First let’s talk about wind. In my analysis, wind was not included in the fitting procedure. Instead I looked at events in covered stadiums, including retractable roof stadiums with the roof closed, for which wind is not an issue. Restricting the analysis to these stadiums reduces the sample size to 49 events, for which the distribution is given by the red histogram. Statistically speaking, this distribution looks identical to the previous one, with a mean of 405.5 ft and a standard deviation is identical, 16.1 ft. I conclude that wind is not the primary contributing factor to the breadth of R.
Now let’s take a look at the variation in the other two factors by referring to the second figure, a scatter plot of Cd vs. wb for the 281 homers satisfying the initial conditions. The points are color coded by total distance R, with red, black, and blue corresponding to R<395, 395≤R≤415, and R>415 ft, respectively.
There is a wealth of information contained in this plot, and I will now summarize the essential features and what they teach us.
- For a given value of wb, R decreases as Cd increases. This certainly makes good sense physically, since drag is expected to reduce the distance. Furthermore, the spread of Cd values for a given wb suggests a possible variation in drag coefficient from one baseball to another. This is certainly new information and something we would like to know more about. I’ll save that for another day.

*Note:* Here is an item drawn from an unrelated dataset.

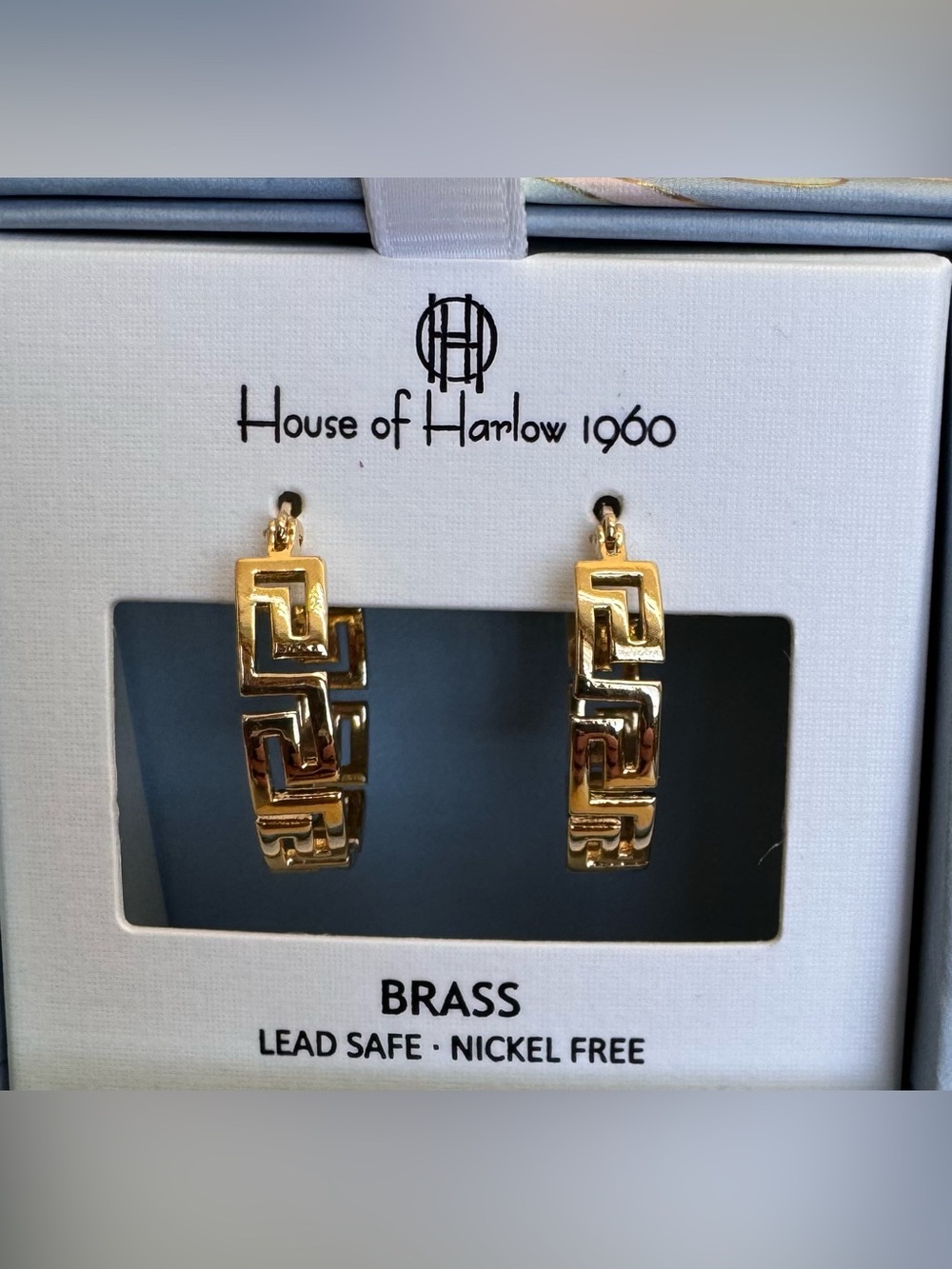 Greek key hoop earrings - Picture 2 of 2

- For a given value of Cd, R increases as wb increases. Again this makes sense, since larger backspin keeps the ball in the air longer so that it travels farther.
- Contours of constant R are roughly parallel diagonal lines on this plot, extending from lower left to upper right, with the higher R lines lying lower. As one climbs along one of these lines of constant R, both Cd and wb increase. However, the tendency of the increased Cd to reduce R is counterbalanced by the tendency of wb to increase R, thereby keeping R constant.
- There is a moderately strong positive correlation between Cd and wb, suggesting that the drag on a baseball increases with increasing spin, all other things equal. While such an effect is well known for a golf ball, it has only been speculated for a baseball. While I would not characterize the evidence here as being a smoking gun, it certainly is suggestive. Once again, this is something we’d like to understand better.
So, let’s summarize what we have learned. We have found that the initial velocity vector is not sufficient to determine the total distance traveled, and that is the primary conclusion of this study. We have also found that wind is not the major cause. We have further shown that variation in both the drag coefficient and the backspin accounts for the spread of distance values, although some of the effects—particularly the correlation between drag and spin—are quite subtle. There are suggestions of a spin-dependence as well as a ball-to-ball variation to the drag on a baseball.
I don’t want anyone to get the impression that this is a completed piece of research. It is not. There are some annoying puzzles in the data that I have not completely sorted out yet. For sure, the conclusion about the initial velocity not determining the landing point is very firm and not likely to change with additional data and analysis. However, my conclusions about the reasons are still tentative, and I suspect there is a lot more to be gleaned from data such as these. In particular, it would be very nice to use the techniques I described here to analyze a larger data set that is not restricted only to home runs. I look forward to continuing this research.